Operations¶
These instructions are suitable for operating GWCelery in a production environment and are meant to give precise instructions to the on-call people on how to fulfill the requested tasks.
Preliminary steps¶
In order to perform some of the operations listed below, you need to be able to login to the
emfollow.ligo.caltech.edu
machine. To be granted permission, please send an e-mail to the low-latency chairs listed in the EM-follow wiki. See the list of users who can access the shared account.Some critical operations, like manually restarting GWCelery or removing HTCondor jobs, require you to login to that machine as the privileged user
emfollow
. These operations are reserved to experts. In case you need to be able to login as privileged user, please send a mail to the low-latency chairs.To login to the
emfollow
machine, you need to provide a public SSH key by registering your SSH key.
Monitor the pipeline¶
Different tools are available to monitor the production instance of GWCelery. They are described in the Monitoring section.
In particular, to monitor the GWCelery application we suggest to use:
Flower to see the status of task execution in real time (it has a retention period of few hours).
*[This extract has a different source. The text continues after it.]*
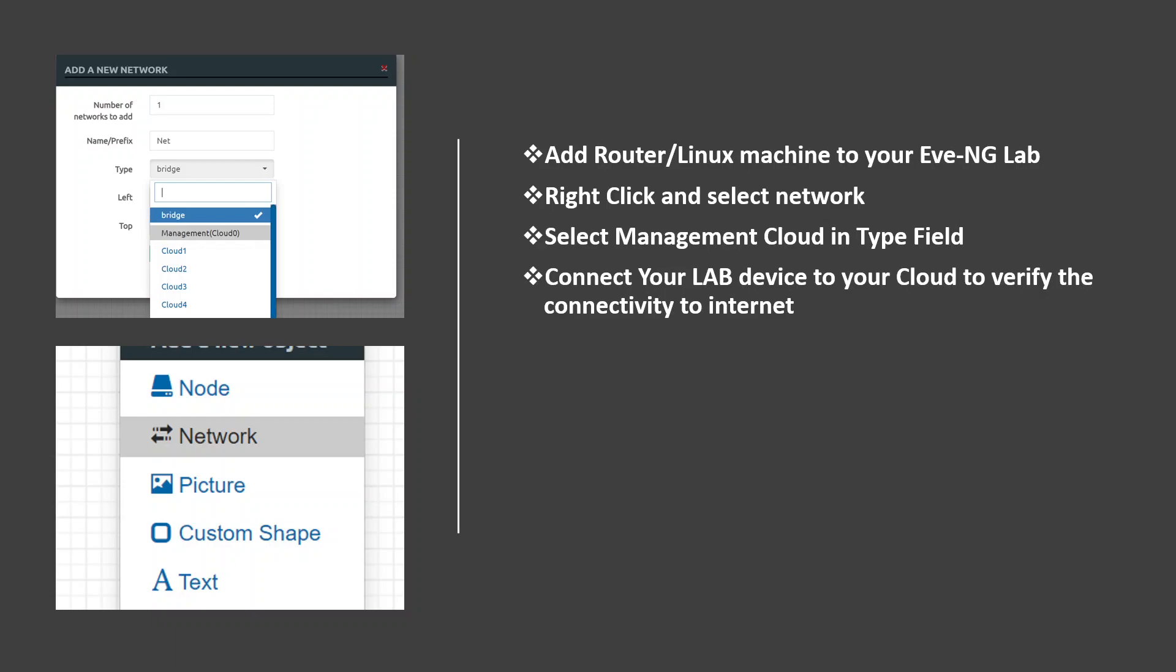Once you click on management cloud and save, then connect your server or the router or switch or any firewall - any devices that is running on your lab. Just connect to it and then start your router. Then you have to configure an IP address of your management subnet, then you will be able to reach the internet. Let me quickly practically explain it.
Sentry to monitor the occurence of warnings, errors, and exeptions in task execution. It has practically unlimited retention period and sends e-mail notifications in case of a new issue. You can login with Google using your ligo.org credentials.
To monitor the emfollow.ligo.caltech.edu
machine:
Nagios to check if the host is up and running.
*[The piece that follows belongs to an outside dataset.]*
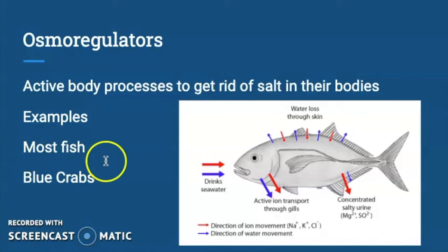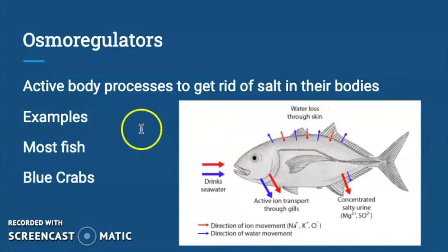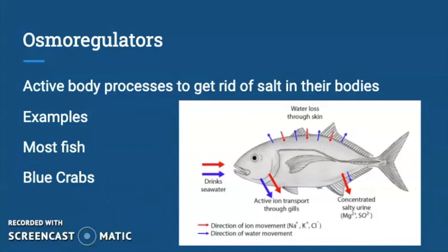Osmoregulators use an active body process — a physiological adaptation — that allows them to get rid of salt. They drink water and excrete salts. A lot of fish are osmoregulators, and blue crabs are also osmoregulators. This allows them to live in lots of different places in the estuary as well. All right, thanks for watching today, and we'll talk more about this in class.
Ganglia to monitor metrics such as CPU, memory or network utilization.
Additionally, disk space issues may occur if the Redis database grows too large and fills up the entire disk. The disk space occupancy can be checked with:
$ ssh albert.einstein@emfollow.ligo.caltech.edu
$ df -h
Monitor the HTCondor queue¶
You need to login to the emfollow.ligo.caltech.edu
machine as a privileged user:
$ ssh emfollow@emfollow.ligo.caltech.edu
and run the command:
$ gwcelery condor q
The sixth column of the ouput gives you the status of each job, which can have the following values:
R = running
H = on hold
I = idle (waiting for a machine to execute on)
C = completed
X = removed
S = suspended (execution of a running job temporarily suspended on execute node)
< = transferring input (or queued to do so)
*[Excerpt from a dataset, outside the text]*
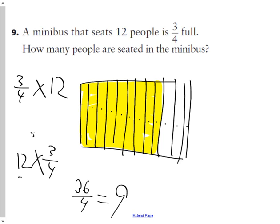Does that make sense? All we did was say three-quarters of 12, and using the commutative property, 12 times three-quarters gives 36 quarters. Thirty-six quarters equals nine. That's the answer.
> = transferring output (or queued to do so).
The last output column is the name of the worker, which needs to be reported to the experts in case of a job not in running state. To better understand why a job is not in a running state, you can use the command:
$ condor_q <job-id> -analyze
Monitor the workflow execution¶
In order to be able to understand if the alert generation workflow is executing correctly, we suggest to look at the gwcelery.tasks.orchestrator module section, describing the inner workings of the Orchestrator, as well as to have some training session side by side with a GWCelery expert.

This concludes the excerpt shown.